Realizing his range did hearken me back to something I heard Jack Lemmon say back on Inside the Actor’s Studio. He was recalling a conversation wherein he complained to his agent about the kinds of roles he was getting and being offered. “But I can do Shakespeare,” he protested. His agent responded simply and calmly “Yes, Jack, but other people are better at it.” That’s not to say actors shouldn’t take risks and directors haven’t done great things when casting against type, but typing happens for a reason and it’s usually because said actor is inordinately good at a particular task. With Searl, in his younger days, he was not only usually a heavy, a villain, but he had an innate ability to come off as smug and detestable, which is quite a higher calling than simply playing a villain.

Gentle Julia (1936, Fox)

What reminded me of the the Lemmon story was when I saw him in earlier roles in Poverty Row titles. One in particular, which may go down as one of my favorite new discoveries of the year is Hearts of Humanity. Here he plays the affected child, suddenly orphaned, new to the States, who is the honorable one, who sets the example for his wayward, newly-adopted brother and sacrifices himself for him. The only thing off about him at all is his Irish accent, but that wasn’t uncommon back then. Not that Searl wasn’t adept at an accent. In fact, before I decided to do this focus on him I thought his playing American was putting on an accent not when he was playing British, which he did often.

So in that film, and in other titles like One Year Later and High Gear, all of a sudden there was this complete other side to him. Granted the writing, such that it was, made him obviously perceived as a likable character, but he pulls it off with ease. Many mature, trained actors have issues not only shaking their persona but their perception. Searl was the pre-eminant, go-to jerk of the young actor set around this time (the early-to-mid-1930s). But playing the good kid was his “Shakespeare;” he was good at it but he was so much better at engendering an audience’s antipathy that he got those roles more often then not when the studio films came his way.

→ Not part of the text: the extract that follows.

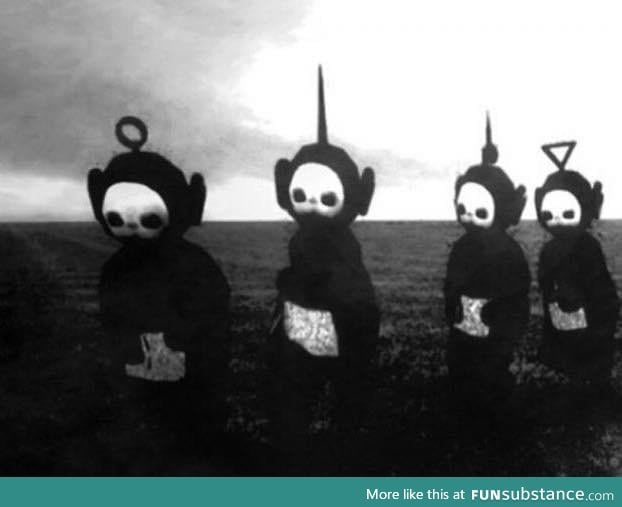 Teletubbies in Black and White are a Goddamned Horrorshow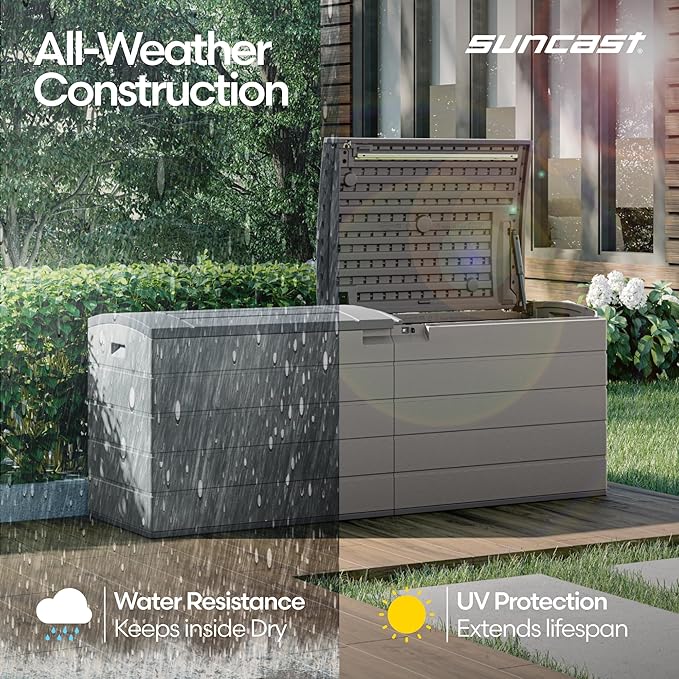 Suncast 120 Gallon Deck Box - Resin Outdoor Storage Box for Patio Cushions, Pool Accessories, & Garden Tools, Lockable Outdoor Storage Bin with Split Lid, Extra Large Dove Gray Outside Container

Little Lord Fauntleroy (1936, Selznick)

Peck’s Bad Boy is another film wherein you see him in his more usual mold, whereas Jackie Cooper, being the lead is a more rounded character and has justifications for his actions; he’s merely antagonistic. In fact, in one of his first appearances, The Sins of the Children, his type was set as his sole purpose in playing the younger version of one of the main characters was to be bratty. Slightly different from those two, but still on the unlikable end of the spectrum, was his turn as the doltish false claimant to the title in Little Lord Fauntleroy.

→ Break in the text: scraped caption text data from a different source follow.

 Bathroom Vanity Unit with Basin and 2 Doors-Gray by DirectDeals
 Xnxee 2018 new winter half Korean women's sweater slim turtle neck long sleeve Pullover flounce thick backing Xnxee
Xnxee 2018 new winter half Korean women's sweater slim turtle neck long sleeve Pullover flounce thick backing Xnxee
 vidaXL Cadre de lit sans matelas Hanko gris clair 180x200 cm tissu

No Greater Glory (1934, MGM)

Of the films of his I’ve seen thus far he had one role of significant size that had an arc, and change of heart. In No Greater Glory he starts off in the vein you most often saw him: officious, haughty and bothersome. As events transpire, however, he softens. The maturation of the characters, as well as the message conveyed are among the things that make that particular film so powerful. That same year saw the release of A Wicked Woman, which implemented well his ability to cry and allowed him to play the victim. As he grew, parts that allowed him to show both sides of his ability came more frequently. In Little Tough Guy he does end up being a slimy type, but if you didn’t know who he was you’d buy the nice, rich kid act he pulls through the first few scenes, but slowly and surely he shows his character’s true colors. It may not be his most impressive turn, but there’s a confident ease to all he does that stands as a harbinger of the long-lasting ability to do character work that he found later on.

The generation of young actors that graced the silver screen when sound was in its infancy was perhaps one of the deepest in movie history. If you follow the trajectory of a lot young performers, many of whom were usually relegated to supporting roles, you could really see just how gifted a lot of these actors are – the fact that a talent like Searl’s was usually utilized as a supplement is testament to that, but it does not make his work any less effective or memorable.